• _WHAT THIS TASK INVOLVES_:
Exact copies of the lines from the one holding "Row Over Kerala" through the last line of the entries below are to be printed, with pictures omitted.

:::

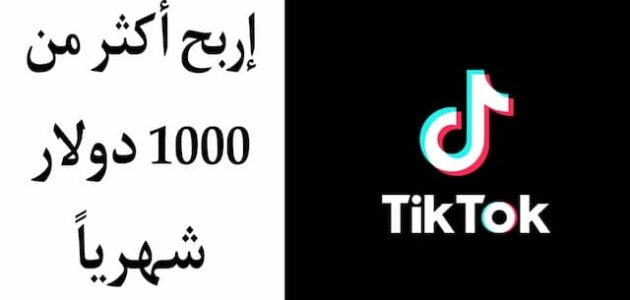 1000 دولار شهرياً من تيك توك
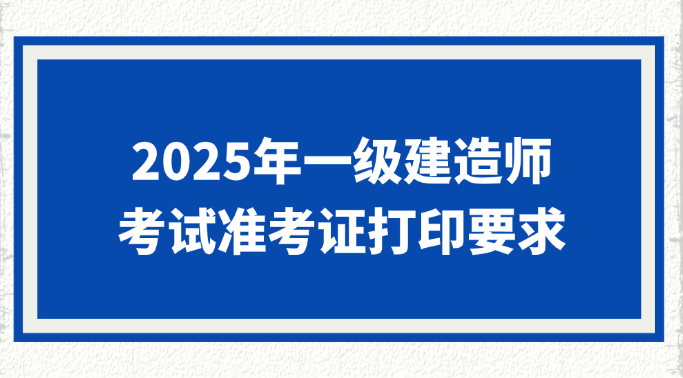 2025一建准考证已经开始打印!错过将无法考试!2025-09-13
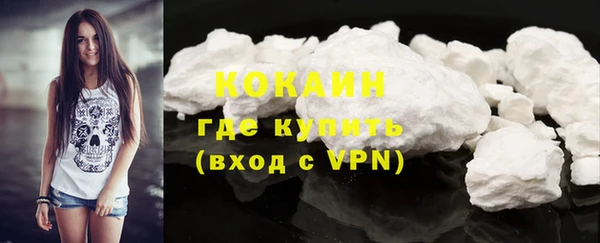 стафф Баксан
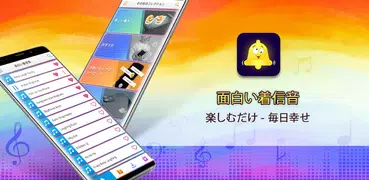 面白い着信音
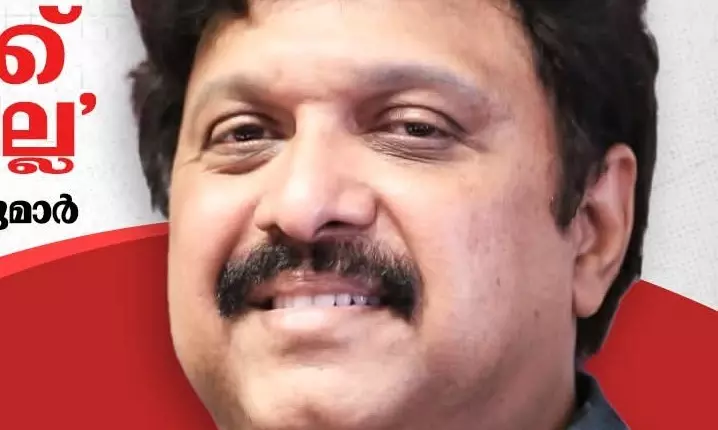 Row Over Kerala Minister Ganesh Kumar; Congress Demands Resignation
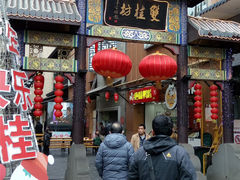 -双桂坊美食街(南大街商业步行街店)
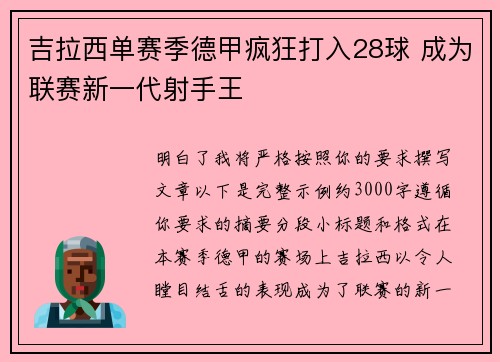 吉拉西单赛季德甲疯狂打入28球 成为联赛新一代射手王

:::

• _SOLUTION BELOW_:
 Row Over Kerala Minister Ganesh Kumar; Congress Demands Resignation
 -双桂坊美食街(南大街商业步行街店)
 吉拉西单赛季德甲疯狂打入28球 成为联赛新一代射手王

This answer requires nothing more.